**Exercise data**:

====================

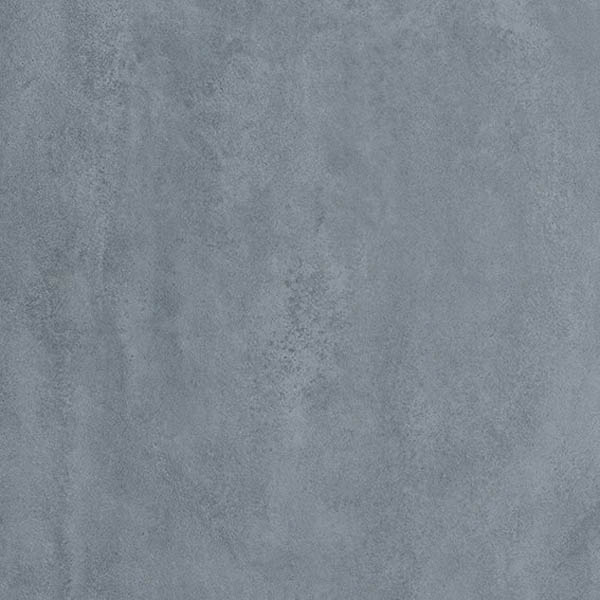 Керамогранит fQW4 Ylico Lagoon Matt R10 80x80 RT / коллекция YLICO / производитель Fap Ceramiche / страна Италия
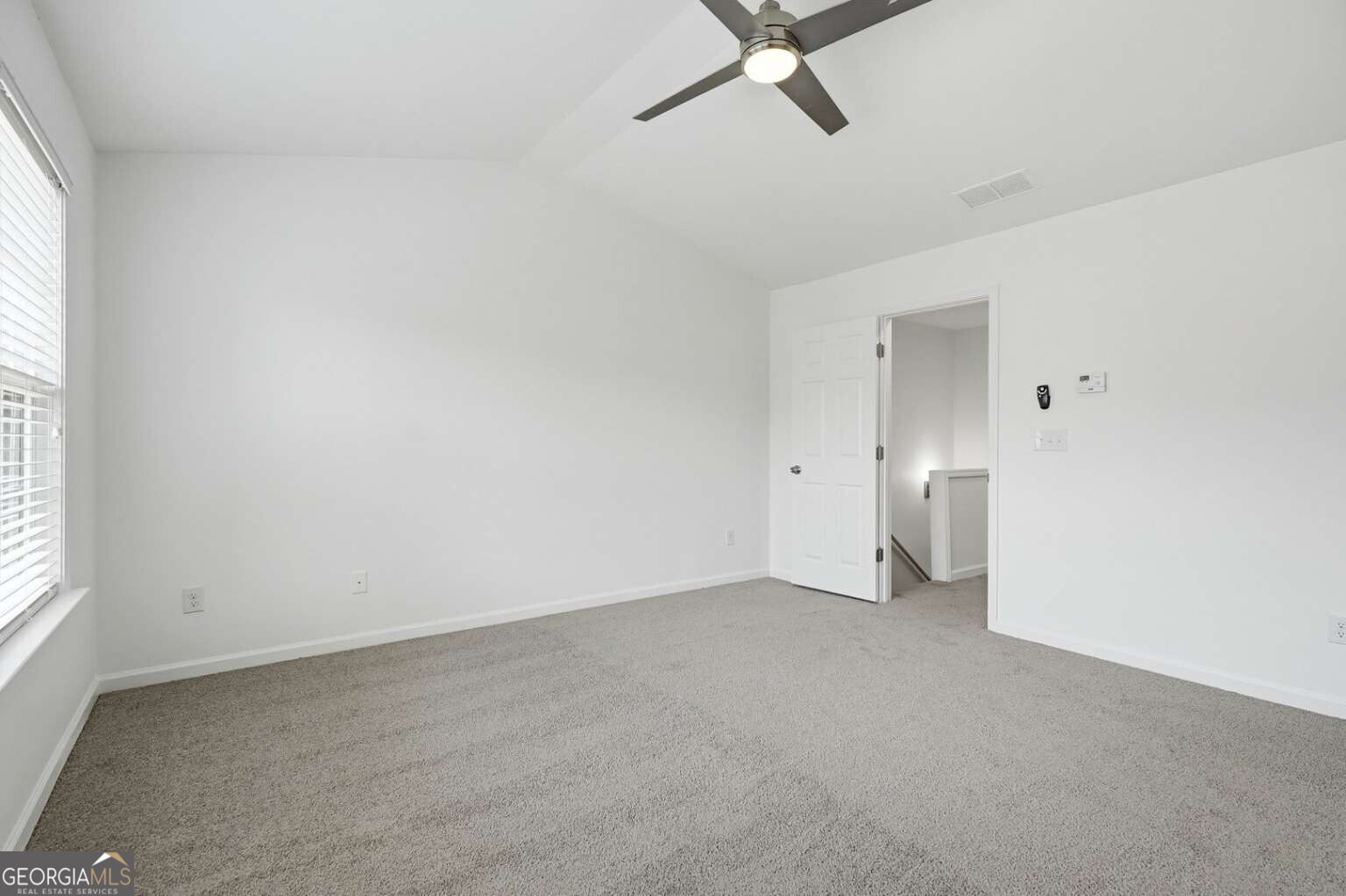 3023 Deerborne Court Sw Property Photo 10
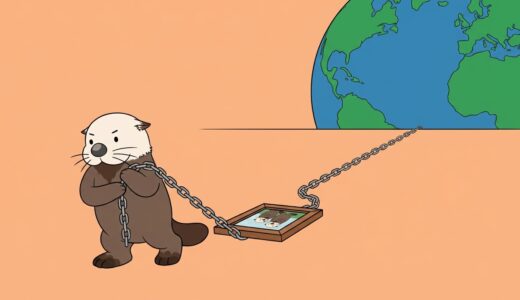 画像→URL変換ツール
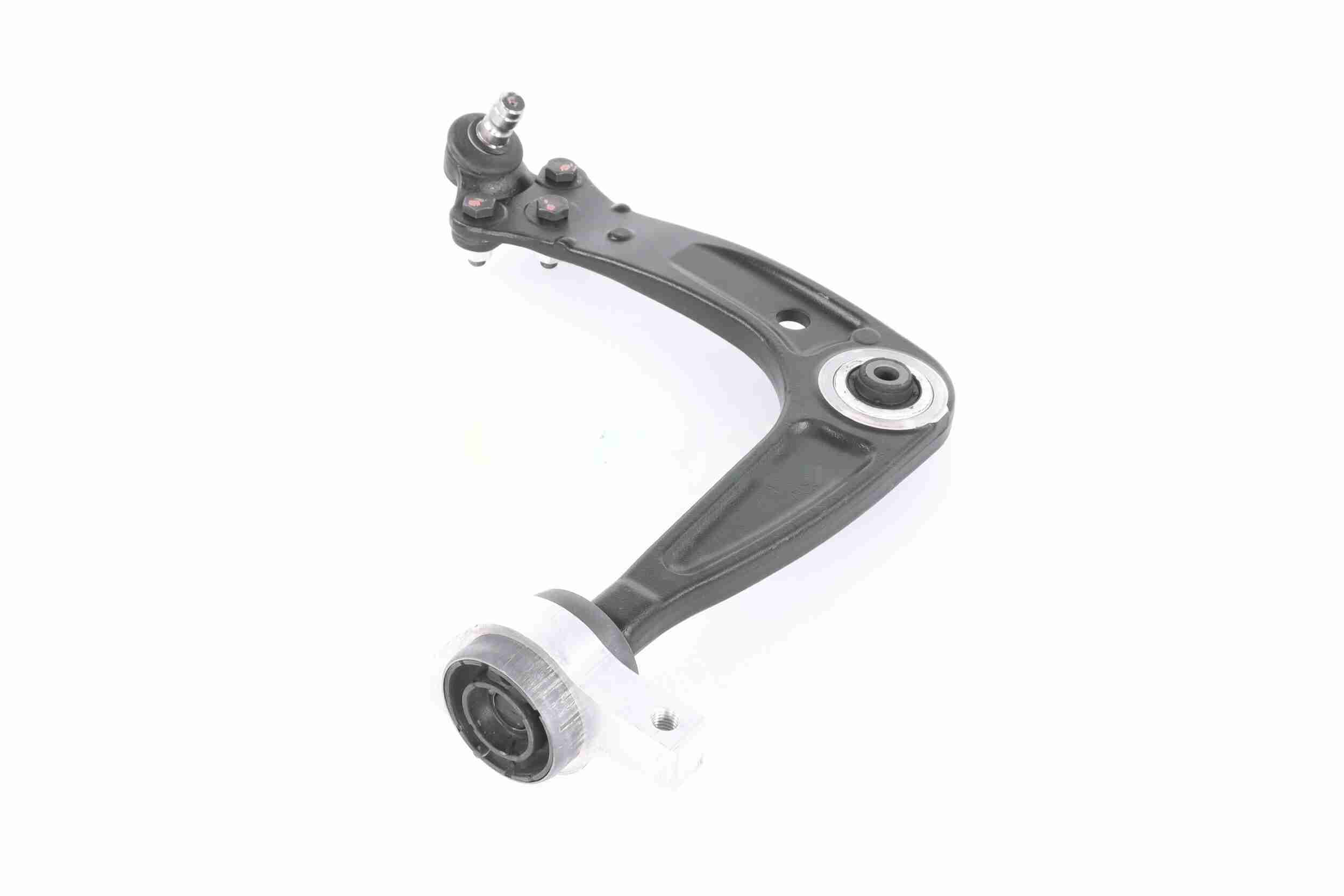 Vaico Draagarm V42-0811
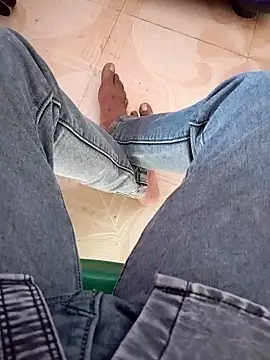 Andrapradesh online show from January 12, 9:35 am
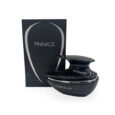 ARMAF-Pinnace-Noir-perfumes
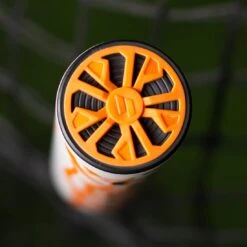 2023 Worth Shannon Smith KReCHeR 12.5" XXL USSSA Slowpitch Softball Bats: WSU3SSX 9 2023 Worth Shannon Smith KReCHeR 12.5" XXL USSSA Slowpitch Softball Bats: WSU3SSX -Bat Forge Store 2023ShannonSmithKReCHeR12.5 XXLUSSSASlowpitchSoftballBats WSU3SSX 3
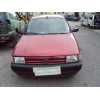 fiat tipo (160) del año 1990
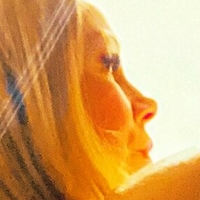 Каринавінтер Оголені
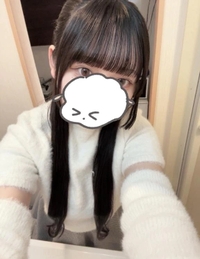 明日いる💖予約もありがとー💖
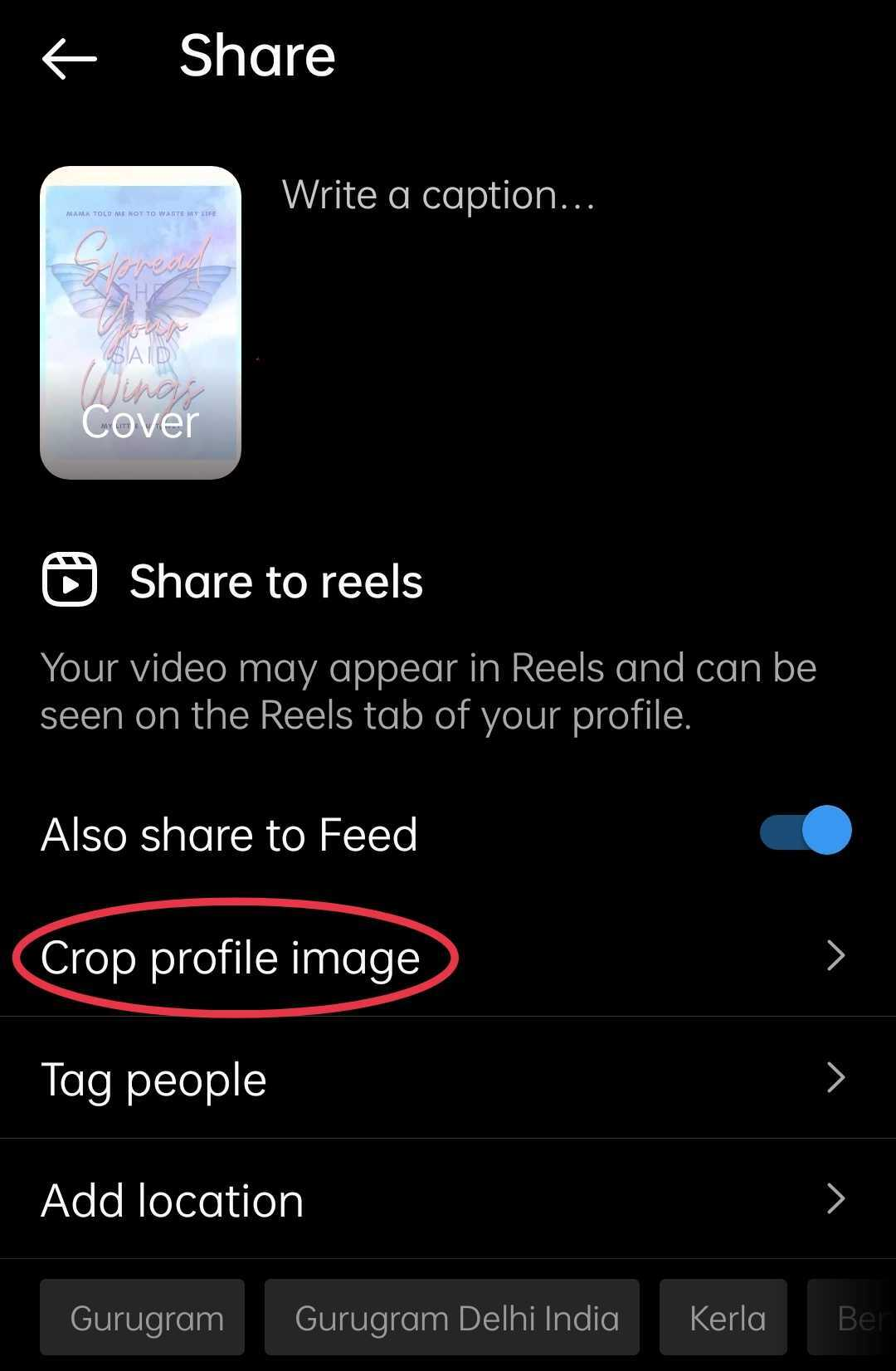 reel-add-thumbnail-3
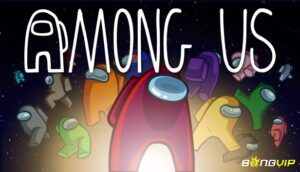 Game among us: khám phá thế giới trò chơi giả mạo đáng chơi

====================

**The task**: Would you reproduce the records exactly as they stand, but without the pictures?

**Result below**:
 Керамогранит fQW4 Ylico Lagoon Matt R10 80x80 RT / коллекция YLICO / производитель Fap Ceramiche / страна Италия
 3023 Deerborne Court Sw Property Photo 10
 画像→URL変換ツール
 Vaico Draagarm V42-0811
 Andrapradesh online show from January 12, 9:35 am
 ARMAF-Pinnace-Noir-perfumes
 2023 Worth Shannon Smith KReCHeR 12.5" XXL USSSA Slowpitch Softball Bats: WSU3SSX 9 2023 Worth Shannon Smith KReCHeR 12.5" XXL USSSA Slowpitch Softball Bats: WSU3SSX -Bat Forge Store 2023ShannonSmithKReCHeR12.5 XXLUSSSASlowpitchSoftballBats WSU3SSX 3
 fiat tipo (160) del año 1990
 Каринавінтер Оголені
 明日いる💖予約もありがとー💖
 reel-add-thumbnail-3
 Game among us: khám phá thế giới trò chơi giả mạo đáng chơi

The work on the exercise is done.